The Guild’s core proposal is this: AI-generated material can't replace a human writer. AI-generated material cannot qualify as source material for adaptation in any way. AI-generated work can be used as research material, just as a Wikipedia article could, but because of the unclear nature of the sources that go into its output and how the output is generated, it has no place as an "author" in the world of copyright. AI outputs are not, in the Guild's opinion, copyrightable.
That means that if a studio wants to use an AI-generated script, there can be no credited author and no copyright. In a world where studios jealously guard the rights to their work, that's a major poison pill. Under this proposal, studios must choose between the upfront cost of paying a writer what they are worth, and the backend cost of not having control over the copyright to the product.
This is a smart strategy that zeroes in on the Guild’s domain: protecting its members. That said, the Guild’s conception of the technology is a little off: the Guild claims that AI creates a mosaic from its training data. This is less true than the Guild claims, and the output from AI doesn’t infringe as often as they imply. But despite these technical misapprehensions, the Guild’s way of thinking about it as a tool is very smart (again, here is our analysis of the copyright status of AI art).
For the Guild, AI-generated writing has no place in Guild-covered works. If a studio makes something that is covered by this agreement, you have to hire a human writer and pay the Guild’s negotiated rate (or more). AI material cannot be used to undercut that labor. AI is a tool to help writers, not a replacement for writers.

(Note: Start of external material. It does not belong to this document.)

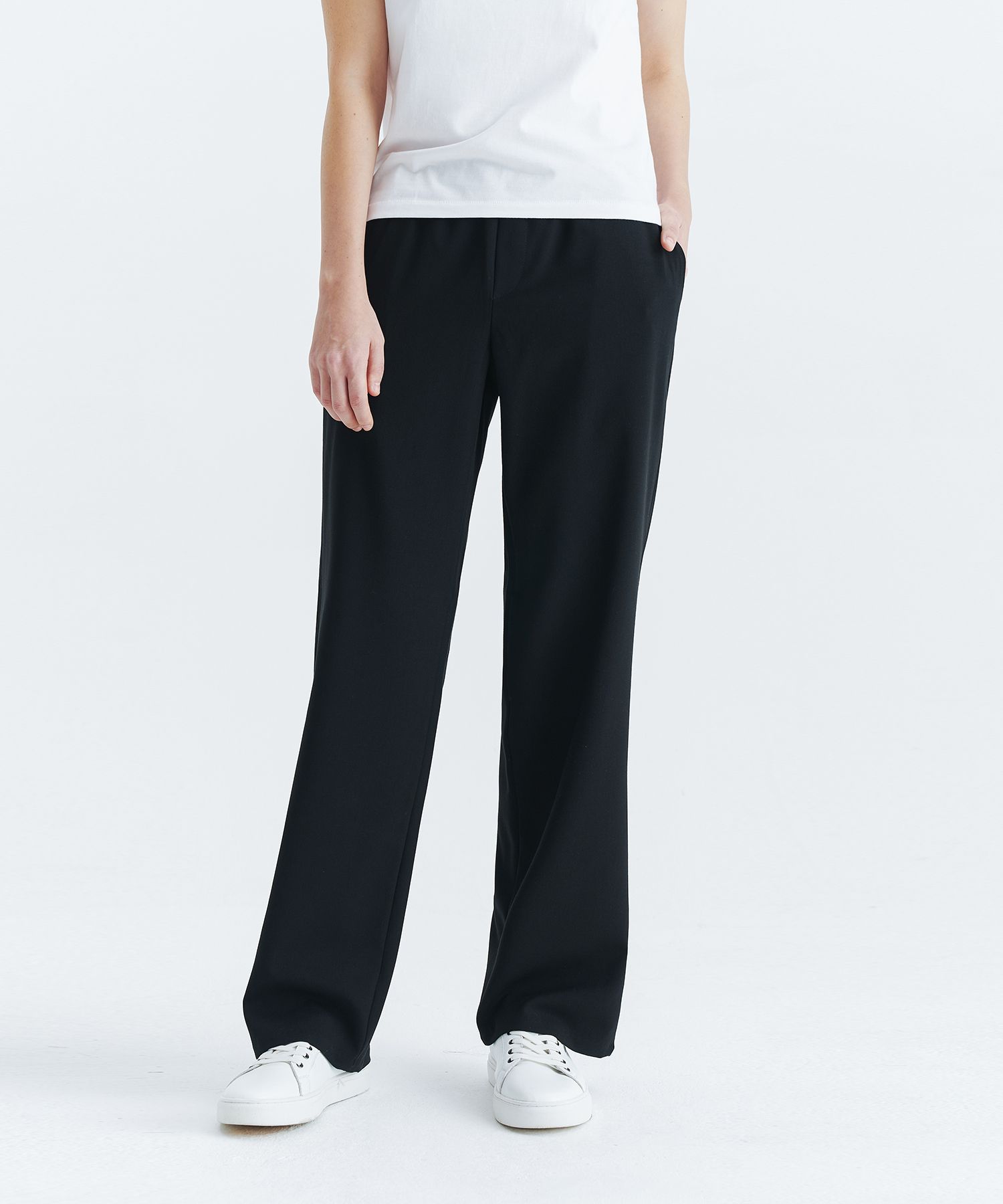 MUSINSA | WHOLOVESART Unisex Semi-Wide Banding Slacks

That is the way all technology should be seen in relation to artistic work: as an artistic tool, not as a replacement for artists. A broad ban on AI will not fix the inequities of a highly concentrated market - but it could cost us the exciting uses of this technology for creative expression.
Exciting Things About AI Art Generation
Any development that gives more people the ability to express themselves in a new way is an exciting one. For every image that displaces a potential low-dollar commission for a working artist, there are countless more that don’t displace anyone’s living—images created by people expressing themselves or adding art to projects that would simply not have been illustrated. Remember: the major impact of automated translation technology wasn’t displacing translators—it was the creation of free and simple ways to read tweets and webpages in other languages when a person would otherwise just not know what was being said.

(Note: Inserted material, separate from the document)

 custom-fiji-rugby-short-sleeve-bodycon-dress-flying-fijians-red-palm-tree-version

When people use AI tools, it leads to a different kind of “creativity” than human artists produce on their own, as the tool finds associations and imagery that unassisted people hadn’t previously made. AI art generators can also help working artists in several ways, for example, by producing a rough first pass or automating time-consuming tasks like shading a flat image. This would be the art equivalent of the research material argument made by the WGA.
There is a lot to like about art generators. The problem going forward is keeping the good things—open-source technology that researchers can audit, cutting down on the tedious parts of making things—without letting the concerns give power to the same companies that disempower artists every day.